Crown Prince Felipe said Wednesday he wants to promote Spain as a "united and diverse" nation when he takes over as king of the country struggling with 25 percent unemployment and Catalonian secessionist fervor.

Felipe spoke publicly for the first time since being tapped to become king and was received by a standing ovation from sympathizers in an ancient monastery church in northeastern Spain.

He was there to award a cultural prize to a 90-year-old Franciscan friar-historian. His wife Princess Letizia, a glamorous former television journalist dubbed the nation's first "Middle Class Queen" by Spanish media, also attended.

The prince didn't specifically mention Spain's economic difficulties or the drive in the northeastern region Catalonia for a secession vote in November, but said the country is going through "difficult times" that require Spaniards to put "the common good in front of special interests."

The crown prince will become King Felipe VI as early as June 18 following Monday's announcement by King Juan Carlos that he will abdicate because his son is ready for the job and because the country needs new royal blood to lead it.

Felipe, 46, has managed to avoid being tarnished by scandals that have hurt the popularity of his 76-year-old father.

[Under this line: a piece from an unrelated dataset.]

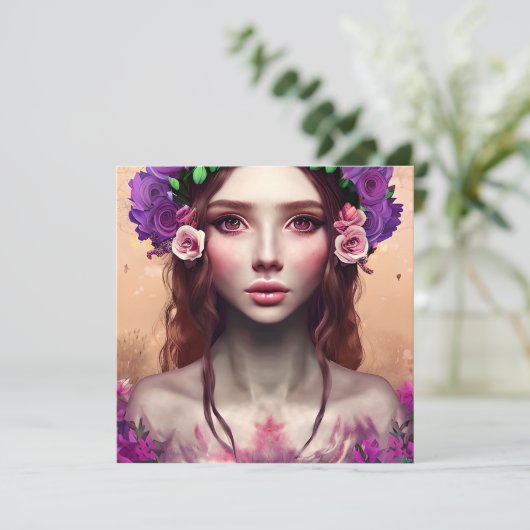 Beautiful Enchantress Fantasy AI Art (Standing Front)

Juan Carlos is widely respected for leading Spain's transition from dictatorship to democracy and staring down a 1981 coup attempt. But his reputation took a big blow following a secret 2012 elephant hunting trip to Botswana at the height of Spain's financial crisis.

The trip became public after Juan Carlos fell and broke his hip, forcing him to take a private jet back to Spain for treatment.

The king's son-in-law, Inaki Urdangarin, is being investigated on suspicion of embezzling large amounts in public contracts.

Juan Carlos' youngest daughter, Princess Cristina, was forced to testify this year in the fraud and money-laundering case targeting her husband, an Olympic handball medalist turned businessman.